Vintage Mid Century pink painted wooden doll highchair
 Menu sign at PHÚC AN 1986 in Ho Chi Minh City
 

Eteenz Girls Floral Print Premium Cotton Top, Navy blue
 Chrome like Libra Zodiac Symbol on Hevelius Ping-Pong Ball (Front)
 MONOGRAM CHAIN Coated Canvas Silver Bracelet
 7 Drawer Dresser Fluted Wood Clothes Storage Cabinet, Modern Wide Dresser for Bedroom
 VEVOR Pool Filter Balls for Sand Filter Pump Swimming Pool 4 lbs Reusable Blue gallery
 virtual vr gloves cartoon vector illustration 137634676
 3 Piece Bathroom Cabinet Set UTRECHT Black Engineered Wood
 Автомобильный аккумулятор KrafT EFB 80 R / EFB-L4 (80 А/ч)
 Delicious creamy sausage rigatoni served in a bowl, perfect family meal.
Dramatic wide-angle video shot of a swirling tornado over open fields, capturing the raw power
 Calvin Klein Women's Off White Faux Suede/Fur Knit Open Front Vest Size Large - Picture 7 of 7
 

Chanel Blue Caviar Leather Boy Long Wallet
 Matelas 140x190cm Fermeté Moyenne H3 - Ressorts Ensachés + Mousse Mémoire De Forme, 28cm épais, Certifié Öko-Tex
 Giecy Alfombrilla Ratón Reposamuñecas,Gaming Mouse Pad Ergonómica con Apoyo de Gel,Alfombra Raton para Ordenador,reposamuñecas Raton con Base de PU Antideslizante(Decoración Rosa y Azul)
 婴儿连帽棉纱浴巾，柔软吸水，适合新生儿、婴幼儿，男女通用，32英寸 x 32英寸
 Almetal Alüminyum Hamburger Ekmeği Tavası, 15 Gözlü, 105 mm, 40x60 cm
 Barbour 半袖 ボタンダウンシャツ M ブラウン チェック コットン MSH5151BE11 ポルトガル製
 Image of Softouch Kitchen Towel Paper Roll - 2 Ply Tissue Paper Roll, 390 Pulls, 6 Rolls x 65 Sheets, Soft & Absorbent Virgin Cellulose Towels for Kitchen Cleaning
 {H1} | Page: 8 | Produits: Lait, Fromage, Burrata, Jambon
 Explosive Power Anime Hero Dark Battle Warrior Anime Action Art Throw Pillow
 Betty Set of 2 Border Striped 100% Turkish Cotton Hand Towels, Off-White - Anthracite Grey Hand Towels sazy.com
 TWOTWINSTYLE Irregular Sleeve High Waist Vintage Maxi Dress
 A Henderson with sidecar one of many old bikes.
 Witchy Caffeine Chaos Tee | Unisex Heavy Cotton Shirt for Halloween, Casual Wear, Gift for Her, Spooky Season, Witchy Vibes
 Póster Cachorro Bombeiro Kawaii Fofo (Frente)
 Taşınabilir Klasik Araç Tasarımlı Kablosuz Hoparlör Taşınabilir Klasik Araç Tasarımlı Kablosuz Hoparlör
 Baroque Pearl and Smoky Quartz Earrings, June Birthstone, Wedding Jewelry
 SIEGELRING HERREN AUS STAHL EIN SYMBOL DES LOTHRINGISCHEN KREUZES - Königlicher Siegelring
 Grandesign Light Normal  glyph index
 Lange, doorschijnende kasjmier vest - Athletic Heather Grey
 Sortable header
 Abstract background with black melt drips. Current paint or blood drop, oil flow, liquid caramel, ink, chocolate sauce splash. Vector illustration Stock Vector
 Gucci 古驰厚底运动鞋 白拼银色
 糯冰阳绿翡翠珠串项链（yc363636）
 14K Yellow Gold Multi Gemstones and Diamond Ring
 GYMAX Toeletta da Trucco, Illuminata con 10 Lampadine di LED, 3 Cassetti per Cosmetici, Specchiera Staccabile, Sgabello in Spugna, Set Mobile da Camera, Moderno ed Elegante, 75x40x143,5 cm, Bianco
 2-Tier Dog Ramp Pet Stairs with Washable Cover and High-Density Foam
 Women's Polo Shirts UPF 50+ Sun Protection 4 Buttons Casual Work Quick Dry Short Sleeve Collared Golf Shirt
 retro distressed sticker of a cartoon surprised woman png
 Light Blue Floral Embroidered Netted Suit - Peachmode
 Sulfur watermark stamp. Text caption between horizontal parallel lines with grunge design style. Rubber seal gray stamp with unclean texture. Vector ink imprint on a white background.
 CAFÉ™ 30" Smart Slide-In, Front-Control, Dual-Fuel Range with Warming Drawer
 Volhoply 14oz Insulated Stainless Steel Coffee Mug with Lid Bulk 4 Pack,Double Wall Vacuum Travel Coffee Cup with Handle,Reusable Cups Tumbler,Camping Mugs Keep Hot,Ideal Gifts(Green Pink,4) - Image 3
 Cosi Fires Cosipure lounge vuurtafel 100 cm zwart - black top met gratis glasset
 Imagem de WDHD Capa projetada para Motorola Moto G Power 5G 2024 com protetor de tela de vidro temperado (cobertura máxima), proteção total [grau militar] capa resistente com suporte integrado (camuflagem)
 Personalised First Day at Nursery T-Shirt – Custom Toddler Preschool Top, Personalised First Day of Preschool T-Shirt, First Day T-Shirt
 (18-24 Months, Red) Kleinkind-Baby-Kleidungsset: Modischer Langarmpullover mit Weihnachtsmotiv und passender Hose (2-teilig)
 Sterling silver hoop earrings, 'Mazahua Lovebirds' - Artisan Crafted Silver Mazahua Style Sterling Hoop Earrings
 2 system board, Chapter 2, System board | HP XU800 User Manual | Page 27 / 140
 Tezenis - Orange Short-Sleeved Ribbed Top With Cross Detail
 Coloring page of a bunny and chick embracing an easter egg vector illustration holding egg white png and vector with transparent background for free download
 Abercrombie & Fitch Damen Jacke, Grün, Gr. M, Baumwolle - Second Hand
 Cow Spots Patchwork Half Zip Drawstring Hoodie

--------------------------------

The lines above, from the first through the one containing "Explosive Power Anime", must be restated word for word, with nothing added.

Vintage Mid Century pink painted wooden doll highchair
 Menu sign at PHÚC AN 1986 in Ho Chi Minh City
 

Eteenz Girls Floral Print Premium Cotton Top, Navy blue
 Chrome like Libra Zodiac Symbol on Hevelius Ping-Pong Ball (Front)
 MONOGRAM CHAIN Coated Canvas Silver Bracelet
 7 Drawer Dresser Fluted Wood Clothes Storage Cabinet, Modern Wide Dresser for Bedroom
 VEVOR Pool Filter Balls for Sand Filter Pump Swimming Pool 4 lbs Reusable Blue gallery
 virtual vr gloves cartoon vector illustration 137634676
 3 Piece Bathroom Cabinet Set UTRECHT Black Engineered Wood
 Автомобильный аккумулятор KrafT EFB 80 R / EFB-L4 (80 А/ч)
 Delicious creamy sausage rigatoni served in a bowl, perfect family meal.
Dramatic wide-angle video shot of a swirling tornado over open fields, capturing the raw power
 Calvin Klein Women's Off White Faux Suede/Fur Knit Open Front Vest Size Large - Picture 7 of 7
 

Chanel Blue Caviar Leather Boy Long Wallet
 Matelas 140x190cm Fermeté Moyenne H3 - Ressorts Ensachés + Mousse Mémoire De Forme, 28cm épais, Certifié Öko-Tex
 Giecy Alfombrilla Ratón Reposamuñecas,Gaming Mouse Pad Ergonómica con Apoyo de Gel,Alfombra Raton para Ordenador,reposamuñecas Raton con Base de PU Antideslizante(Decoración Rosa y Azul)
 婴儿连帽棉纱浴巾，柔软吸水，适合新生儿、婴幼儿，男女通用，32英寸 x 32英寸
 Almetal Alüminyum Hamburger Ekmeği Tavası, 15 Gözlü, 105 mm, 40x60 cm
 Barbour 半袖 ボタンダウンシャツ M ブラウン チェック コットン MSH5151BE11 ポルトガル製
 Image of Softouch Kitchen Towel Paper Roll - 2 Ply Tissue Paper Roll, 390 Pulls, 6 Rolls x 65 Sheets, Soft & Absorbent Virgin Cellulose Towels for Kitchen Cleaning
 {H1} | Page: 8 | Produits: Lait, Fromage, Burrata, Jambon
 Explosive Power Anime Hero Dark Battle Warrior Anime Action Art Throw Pillow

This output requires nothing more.